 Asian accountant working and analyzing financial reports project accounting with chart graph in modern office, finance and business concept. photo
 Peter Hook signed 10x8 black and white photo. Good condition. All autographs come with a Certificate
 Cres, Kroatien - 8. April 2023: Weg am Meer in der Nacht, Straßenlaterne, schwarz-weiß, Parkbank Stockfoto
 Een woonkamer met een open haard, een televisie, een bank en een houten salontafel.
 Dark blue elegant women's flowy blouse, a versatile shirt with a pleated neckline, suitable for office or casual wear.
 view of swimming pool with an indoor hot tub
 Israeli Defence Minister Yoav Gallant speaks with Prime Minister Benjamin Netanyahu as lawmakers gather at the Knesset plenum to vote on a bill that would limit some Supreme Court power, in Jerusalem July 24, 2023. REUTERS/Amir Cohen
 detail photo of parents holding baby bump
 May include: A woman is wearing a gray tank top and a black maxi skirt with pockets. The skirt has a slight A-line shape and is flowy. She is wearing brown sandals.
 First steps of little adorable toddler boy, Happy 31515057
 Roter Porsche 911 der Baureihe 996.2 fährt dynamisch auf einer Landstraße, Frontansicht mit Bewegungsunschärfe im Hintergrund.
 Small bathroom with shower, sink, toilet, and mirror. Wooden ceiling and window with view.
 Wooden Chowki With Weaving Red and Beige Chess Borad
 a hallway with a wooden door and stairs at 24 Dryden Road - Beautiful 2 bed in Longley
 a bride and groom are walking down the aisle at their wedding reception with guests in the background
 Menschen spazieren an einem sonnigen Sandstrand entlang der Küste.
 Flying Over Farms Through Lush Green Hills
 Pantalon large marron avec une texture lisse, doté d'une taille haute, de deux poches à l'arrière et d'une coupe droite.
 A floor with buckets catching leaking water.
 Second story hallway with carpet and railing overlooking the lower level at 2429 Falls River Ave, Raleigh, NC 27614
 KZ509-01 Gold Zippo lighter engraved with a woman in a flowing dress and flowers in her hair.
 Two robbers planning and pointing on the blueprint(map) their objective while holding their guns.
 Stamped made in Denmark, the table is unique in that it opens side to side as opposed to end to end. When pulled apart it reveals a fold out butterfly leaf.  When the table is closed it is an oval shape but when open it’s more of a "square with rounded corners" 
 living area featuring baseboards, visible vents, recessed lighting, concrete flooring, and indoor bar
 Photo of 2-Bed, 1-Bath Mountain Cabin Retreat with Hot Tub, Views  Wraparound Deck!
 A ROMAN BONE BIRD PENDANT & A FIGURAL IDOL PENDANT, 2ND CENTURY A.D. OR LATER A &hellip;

------------------------------------------------------------------------

In the material above, transcribe exactly the lines beginning at the one with "Israeli Defence Minister" and ending at the one with "First steps of", both included.

 Israeli Defence Minister Yoav Gallant speaks with Prime Minister Benjamin Netanyahu as lawmakers gather at the Knesset plenum to vote on a bill that would limit some Supreme Court power, in Jerusalem July 24, 2023. REUTERS/Amir Cohen
 detail photo of parents holding baby bump
 May include: A woman is wearing a gray tank top and a black maxi skirt with pockets. The skirt has a slight A-line shape and is flowy. She is wearing brown sandals.
 First steps of little adorable toddler boy, Happy 31515057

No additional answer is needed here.